A federal appeals court on Tuesday rejected a last-ditch bid by a coalition of environmental groups to stop the construction of a natural gas pipeline in northern Pennsylvania's Endless Mountains.
A three-judge panel of the 2nd U.S. Circuit Court of Appeals ruled that federal energy regulators properly approved the 39-mile MARC 1 pipeline through Bradford, Sullivan and Lycoming counties. The decision clears the way for the pipeline to begin moving gas from the Marcellus Shale formation this fall.
"We have contended from the beginning that the MARC I Pipeline would be undertaken with the strongest commitment to environmental and ecological protections," said Bill Moler, an executive with Inergy Midstream LP of Kansas City, Mo.
Some landowners have been fighting the company building the pipeline, contending that Inergy subsidiary Central New York Oil & Gas refused to negotiate in good faith on either monetary compensation or the pipeline's route. The Sierra Club and two local groups challenged a decision by the Federal Energy Regulatory Commission to authorize construction, saying regulators should have performed a more thorough environmental assessment.
The New York-based appeals court said that FERC's analysis of the pipeline's impact on forests and migratory birds was sufficient, and that regulators "reasonably concluded" that broader impacts caused by natural gas development in the Marcellus should not factor into the analysis of the MARC 1 project.

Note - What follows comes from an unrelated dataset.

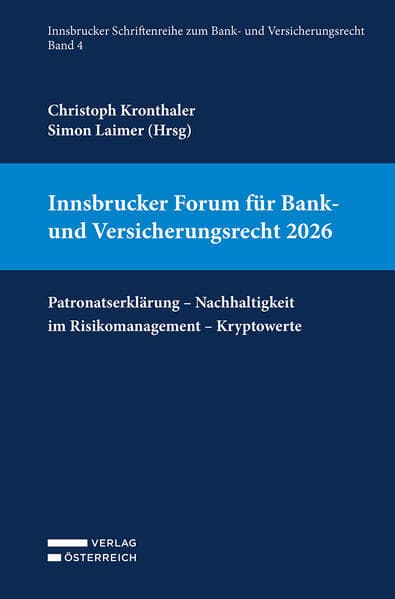 Innsbrucker Forum für Bank- und Versicherungsrecht 2026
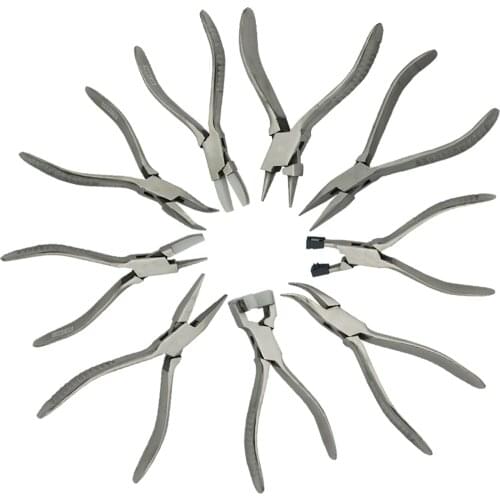 Stainless Steel Multifunctional Jewelry Processing Pliers Pointed Pliers Flat Mouth Round Mouth Flat Mouth Gold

An attorney for the company, William Demarest, said it's highly unlikely either the full circuit court or the U.S. Supreme Court would agree to take on any appeal by the environmental groups.
"This was the final hurdle," he said. "I think the court felt it was appropriate to remove any lingering cloud that might be hanging over the project by making it clear that you are not going to have the rug pulled out from under you."
Earthjustice, an environmental group that represented the plaintiffs, said that while the ruling was a disappointment, "participation in this process made a real difference," noting the company was forced to abide by seasonal construction limits to protect wildlife and take measures to prevent stream damage.
"Now that pipelines are on the radar screen, our clients and other concerned citizens will be putting the lessons they learned in this case into renewed efforts to minimize the adverse impacts of gas development and infrastructure on public health and the environment," Earthjustice attorney Deborah Goldberg said in a statement.
Central New York promotes the MARC 1 pipeline as key infrastructure in developing the Marcellus, a rock formation underneath Pennsylvania and surrounding states that experts believe holds the nation's largest reservoir of gas. The MARC 1 will connect to major interstate pipelines and the company's own natural gas storage facility in southern New York state.
FERC, which considers all applications for new interstate pipelines, received 22,000 comments on the MARC 1, with many expressing concern about environmental and safety impacts. The Environmental Protection Agency also worried about potential damage to the forest ecosystem, noting the pipeline will cross dozens of pristine waterways in an area popular with hikers, hunters and fishermen.